DATASET ENTRIES Block Start

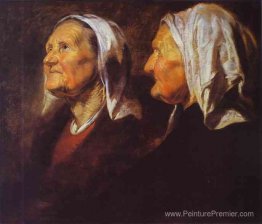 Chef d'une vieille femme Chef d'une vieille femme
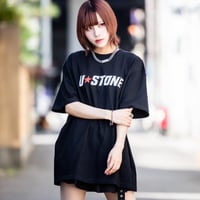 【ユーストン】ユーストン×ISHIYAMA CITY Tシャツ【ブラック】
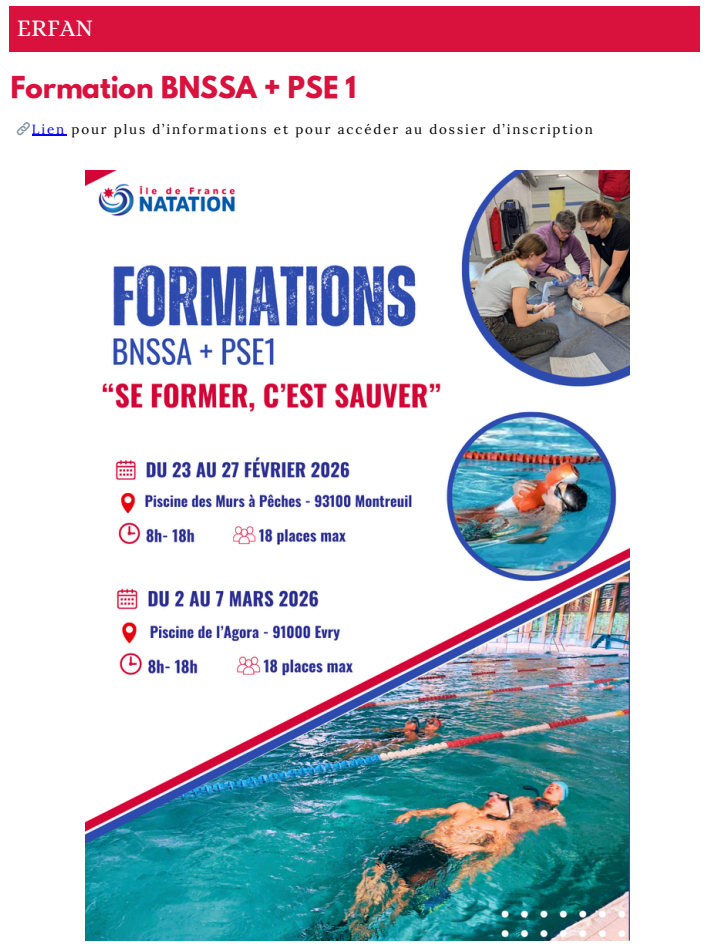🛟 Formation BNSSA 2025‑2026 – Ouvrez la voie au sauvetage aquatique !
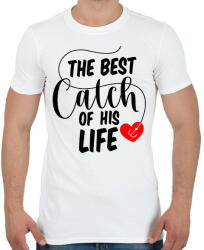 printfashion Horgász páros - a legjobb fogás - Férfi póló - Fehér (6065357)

DATASET ENTRIES Block End
DATASET ENTRIES Block Start

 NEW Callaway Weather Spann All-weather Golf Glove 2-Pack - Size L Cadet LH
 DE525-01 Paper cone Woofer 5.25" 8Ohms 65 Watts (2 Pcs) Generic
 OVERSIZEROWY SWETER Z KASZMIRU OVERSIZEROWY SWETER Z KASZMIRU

DATASET ENTRIES Block End

EXERCISE REQUIREMENTS: Would you please copy exactly the part of the entries above that begins at the line containing "NEW Callaway Weather" and ends at the line containing "OVERSIZEROWY SWETER Z KASZMIRU OVERSIZEROWY", both lines included?

RESPONSE TO THE TASK:
 NEW Callaway Weather Spann All-weather Golf Glove 2-Pack - Size L Cadet LH
 DE525-01 Paper cone Woofer 5.25" 8Ohms 65 Watts (2 Pcs) Generic
 OVERSIZEROWY SWETER Z KASZMIRU OVERSIZEROWY SWETER Z KASZMIRU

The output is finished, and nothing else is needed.